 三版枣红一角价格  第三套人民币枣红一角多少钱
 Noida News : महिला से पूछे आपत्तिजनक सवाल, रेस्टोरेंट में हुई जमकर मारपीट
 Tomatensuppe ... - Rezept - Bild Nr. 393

--

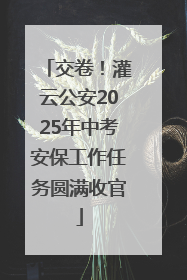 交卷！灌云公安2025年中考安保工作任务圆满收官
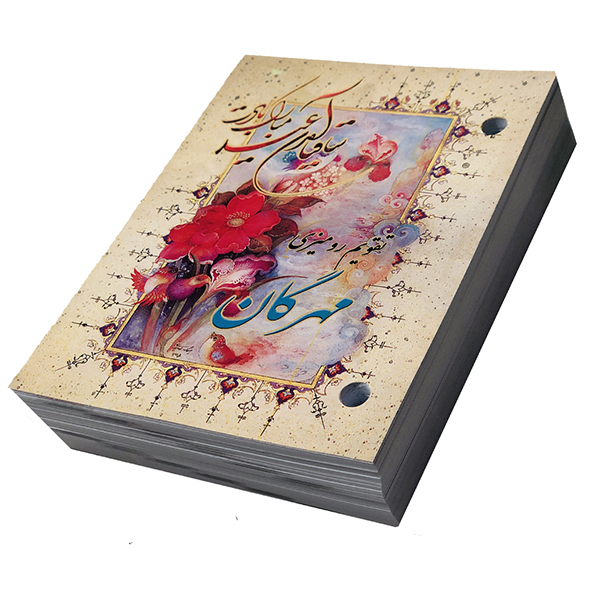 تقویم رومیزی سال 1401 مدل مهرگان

■ **Exercise directions**
Reproduce exactly the lines of the data above that run from the line with "交卷！灌云公安2025年中考安保工作任务圆满收官" down to the line with "تقویم رومیزی سال 1401 مدل مهرگان", both ends included. Pictures do not belong in the copy.

■ **Answer to this task**
 交卷！灌云公安2025年中考安保工作任务圆满收官
 تقویم رومیزی سال 1401 مدل مهرگان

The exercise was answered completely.